ÇANAKKALE SAVAŞI
Şehit son nefesini vermeden söylemiş
Eli kınalı benim yarım, sevgilim bekler beni,
Karnında bebem…
Anam yaşlı, gözleri daha da yaşlı,
Dudakları duada, gönlü yaslı…
Babamı bilmem,
Tıpkı çocuğumun beni bilmeyeceği gibi…
Yemene gitmiş, dönmemiş
Ömrü orada bitmiş…
Birin bini, açın toku, her türlü yokluğun, her türlü varlığı yendiği, binlerce bombanın taşı, toprağı yaktığı. Her yeri et ve kemik yığını haline getirdiği, siperleri kana gölün döndürdüğü. Ölüm kusan silahların, her karış toprağına binlerce mermi kovanını, şarapneli, binlerce kafayı, kolu, bacağı düşürdüğü. Ezanın susmaması, Türk’ün bayrağının dalgalanması için yüz binlerce genin düğüne gider gibi ölüme gittiği ama yavuklusuna, bebeğine, anasına ve köyüne dönemediği savaş.
Çanakkale savaşı “hali kurtaran, maziye yiğitliği ve ululuğu iade eden savaştır.”
Çanakkale savaşı, ölümden korkmayan, kolu kanadı kırık vaziyette savaşa giren bir Mehmet, şehit olsa da bin Mehmet’in doğduğu savaştır. Türkler, “ çiçeklerini (yani geleceği olan gençlini ve geleceğini)” elinden alan “ insana 109 sene sonra bile son damla kanını vererek savaşanların ruhunu, o günlerde savaşan Mehmetçiklerin, ailelerinin duygularını yaşatan” savaştır.
Türk milleti, yiğitliklerini, yürekliliklerini aşırı büyüterek süslü bir tarihle övünmek yerine, yaşanmış tarihin gerçeklerinin gizli olduğu belge ve tanıkların söylemlerine eğilerek, Çanakkale savaşları tarihini, Çanakkale Zaferini kazandıran ruh, irade, inanç ve azmi bilimsel ve tarafsız bir bakışla gözler önüne serenlerden öğrenmelidir.
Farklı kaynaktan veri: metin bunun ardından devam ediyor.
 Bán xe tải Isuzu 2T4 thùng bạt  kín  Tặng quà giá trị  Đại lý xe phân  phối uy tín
Osmanlı devleti; emperyalistler tarafından paylaşılmak istenen yer altı ve yer üstü zenginliklerin önemli bir bölümüne sahip coğrafyanın üzerinde oturuyordu. Hastaydı, Balkan harbinin açtığı yaralar, hastayı daha da ağırlaştırmıştı. Üretemiyordu, topraklarını ve halkını yönetemiyor, refah ve mutluluk veremiyordu. Ayrıca; hala dinsel düşünme dönemindeydi, Avrupa’yı Avrupa yapan bilimsel ve akılcı düşünce sistemine geçememiş ve bunun tabii sonucu olarak, Sanayi Devrimi’ni yaşayamamış ve kaçırmıştı.
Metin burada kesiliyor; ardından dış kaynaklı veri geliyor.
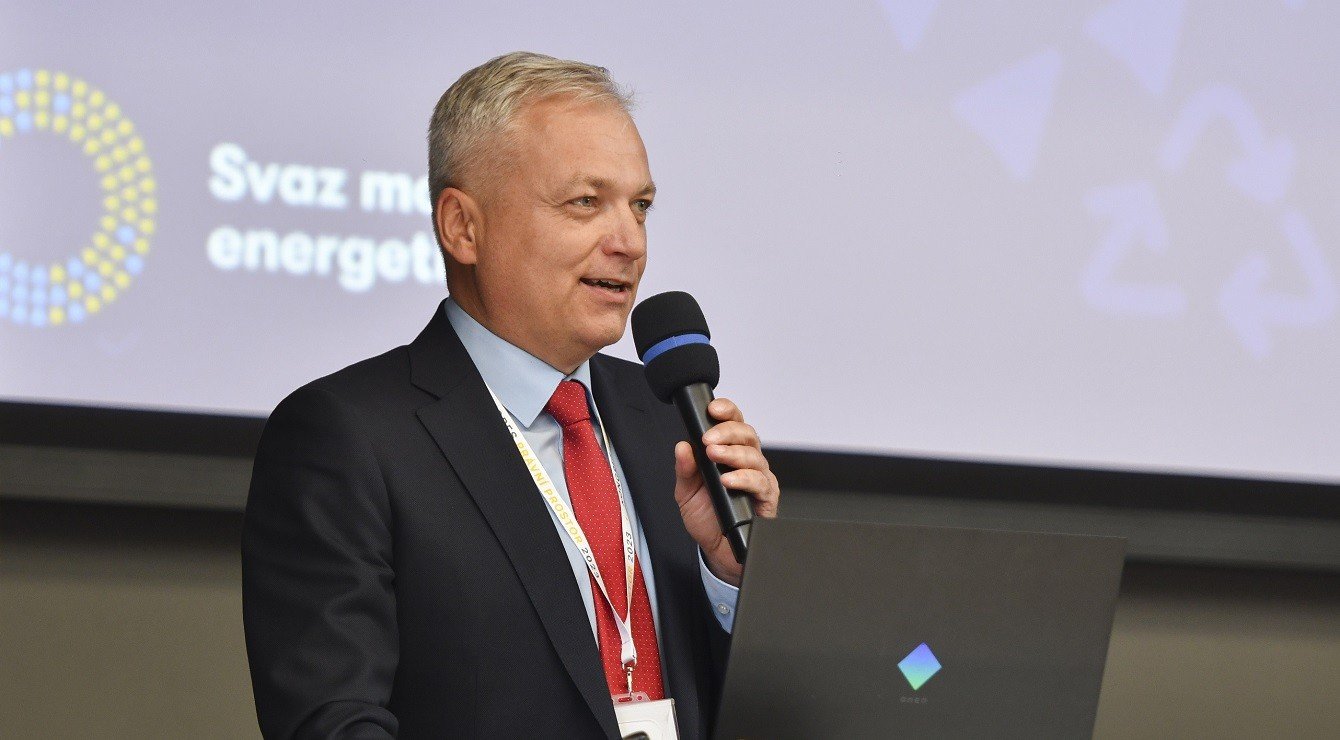 Obnovitelné zdroje jako šance pro moderní Česko – bariéry rozvoje a jejich řešení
Çanakkale savaşı, Türk cephesinde Çanakkale'ye gönüllü olarak giden dönemin en eğitimli, en donanımlı çocuk yaştaki kahramanları, şehit olma hayaliyle cepheden yazdıkları mektuplarında analarına “Ey ana! Ağlama!” diye sesleniyorlardı. Vatan sağ olsun, siz sağ olun, çocuklarım size emanet, “Ruhuma bir mevlit okutmak vicdanınıza kalmıştır. Kendim için başka bir şey istemiyorum. Şehitlik bana yeter” diyenlerin savaşıydı.
Emperyalistler Avustralya'dan, Yeni Zelanda’dan, Hindistan’dan, Senegal’den ve dünyadaki diğer sömürgelerinden topladıkları “kiminle, niçin ve nerede” savaştıklarını dahi bilmeyen, künyelerini haçın üzerine yazan, çoğu Müslüman olan askerlerle, çağın en üstün teknolojileriyle donatılmış donanmalarıyla Çanakkale’ye saldırdılar.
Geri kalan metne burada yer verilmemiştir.